* **Work instructions**
Please restate word for word the lines of the entries below from the one with "20MM Israeli Israel" to the one with "2-Sided Reversible Round", inclusive, and leave out every picture.

* **Information shown**
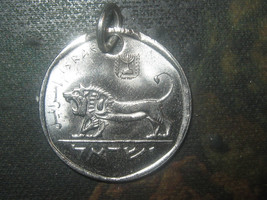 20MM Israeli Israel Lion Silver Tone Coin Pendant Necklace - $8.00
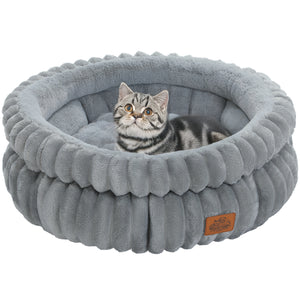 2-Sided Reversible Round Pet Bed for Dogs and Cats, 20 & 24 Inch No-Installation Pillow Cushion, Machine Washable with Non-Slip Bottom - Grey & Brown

==

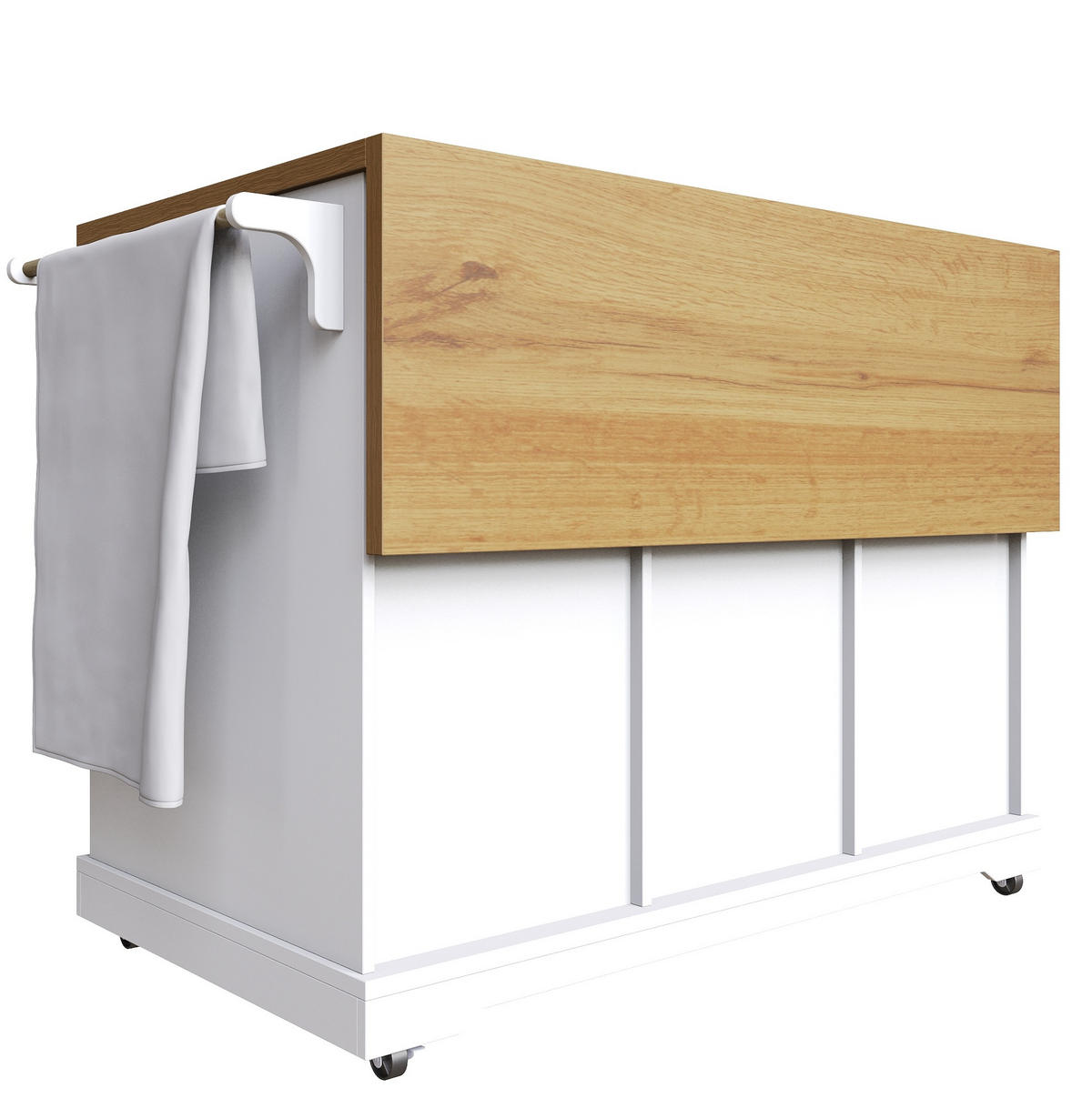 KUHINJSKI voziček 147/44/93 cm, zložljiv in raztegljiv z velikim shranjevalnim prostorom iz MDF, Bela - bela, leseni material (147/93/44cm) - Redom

* **Solution**
 20MM Israeli Israel Lion Silver Tone Coin Pendant Necklace - $8.00
 2-Sided Reversible Round Pet Bed for Dogs and Cats, 20 & 24 Inch No-Installation Pillow Cushion, Machine Washable with Non-Slip Bottom - Grey & Brown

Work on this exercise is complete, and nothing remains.